Следующий этап интенсивного развития судоходства приходится на середину 60-х годов XVIII в. Сибирский губернатор Мятлев, старый моряк, контр-адмирал, добился от правительства реализации проекта организации судоходства на Амуре. Помимо конечной цели, члены громадной секретной экспедиции должны были вести геодезические и геологические исследования, строить суда, ставить новые деревни и поселки, открывать производство железа и т. д. Одним из главных исполнителей в Забайкалье был Ф.Ф. Соймонов, следующий Сибирский губернатор. И вновь Иркутск становится базовым пунктом экспедиции, важнейшая часть которой - судостроение и мореходство. Громадные масштабы задуманного требуют использования нестандартных решений. При нехватке кадров и невозможности отправить их из центра, навигаторов и геодезистов начинают готовить на месте – в Нерчинской и Иркутской навигацких школах, открытия которых добился Мятлев. Соймонов, учившийся навигации и картографии у Петра Великого, сам водил первых учеников школ в экспедиции. Адмиралтейства были сооружены на Нере и Хилке. Разведана водно-сухопутная трасса из Иркутска до Нерчинска, важную часть которой составлял путь от Лиственичной пристани до Верховьев Хилка. Обстановка не позволила довести в эти годы до конца завоевание Приамурья, пришлось свернуть деятельность экспедиции в Забайкалье, Иркутск же упрочил свое положение. В 1754 г. сенатским указом учреждалась в городе адмиралтейская команда. В ее задачу входили содержание байкальских транспортов и заготовка припасов для Охотского порта. Она была подчинена губернскому начальству. Первым ее командиром назначили штурмана Татаринова, числившегося в экспедиции. Ему же была подчинена навигацкая школа. До 1763 г., пока экспедиция работала в Забайкалье, не был решен вопрос о новом типе судов и начале их строительства.

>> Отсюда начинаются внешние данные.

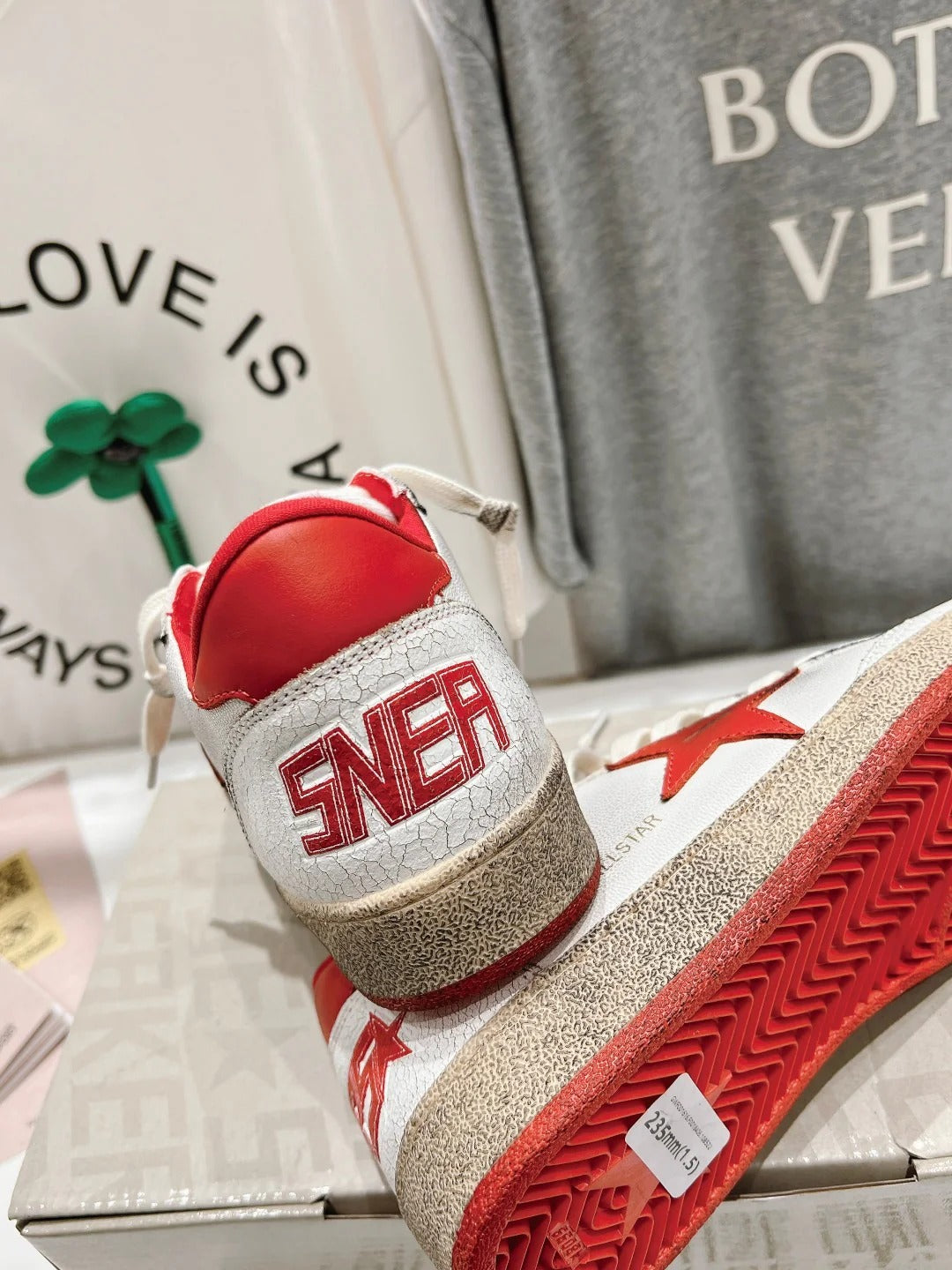 Golden Goose 2026 Deluxe Brand White Red Cowhide 429784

2 июня 1763 г., по словам А. Сгибнева, последовал правительственный указ о немедленной постройке двух казенных судов для перевозки через Байкал пассажиров и грузов и маяка около Прорвы. На основании указа, была начата заготовка необходимых припасов, но к самому строительству, за неимением мастера, смогли приступить только в следующем, 1764 г. С 1764 г. была признана бесперспективной деятельность секретной экспедиции в Приамурье, и ее служащие постепенно переводятся в Иркутск. На прибывших из Забайкалья мастеров и была возложена задача постройки двух новых ботов. Судостроителей возглавил ластовых (гребных) судов подмастерье Попов. Он прибыл в Нерчинск еще в 1754 г. вместе со штурманами Татариновым и Карповым, шестью плотниками и двумя конопатчиками.

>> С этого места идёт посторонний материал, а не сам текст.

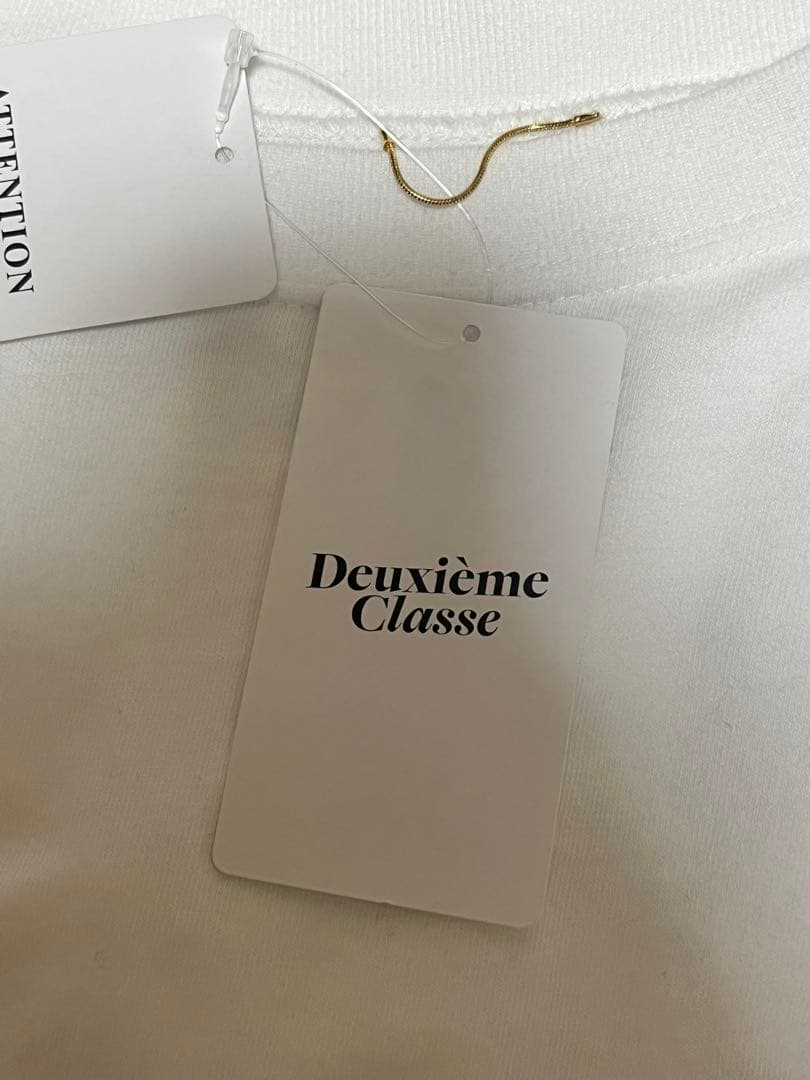 新品タグ付2025ドゥーズィエムクラスhooked Tシャツ 匿名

По словам А. Сбигнева, Попов, получая жалование в 120 руб. в год, недолго работал в Иркутске, а «вскоре был отправлен опять за Байкал для окончания постройки начатых судов». По тем же сведениям, постройка байкальских ботов была поручена корабельному подмастерью «из присланых» — Острецову. Острецов 27 июля 1764 г. якобы заложил на Ангаре бот «Борис и Глеб», а 7 сентября другое судно - «Св. Козьма Святоградец». Окончена их постройка была только в следующем 1765 г., причем, возвратившимся в Иркутск Поповым. Длина каждого из построенных судов определена в 60 футов.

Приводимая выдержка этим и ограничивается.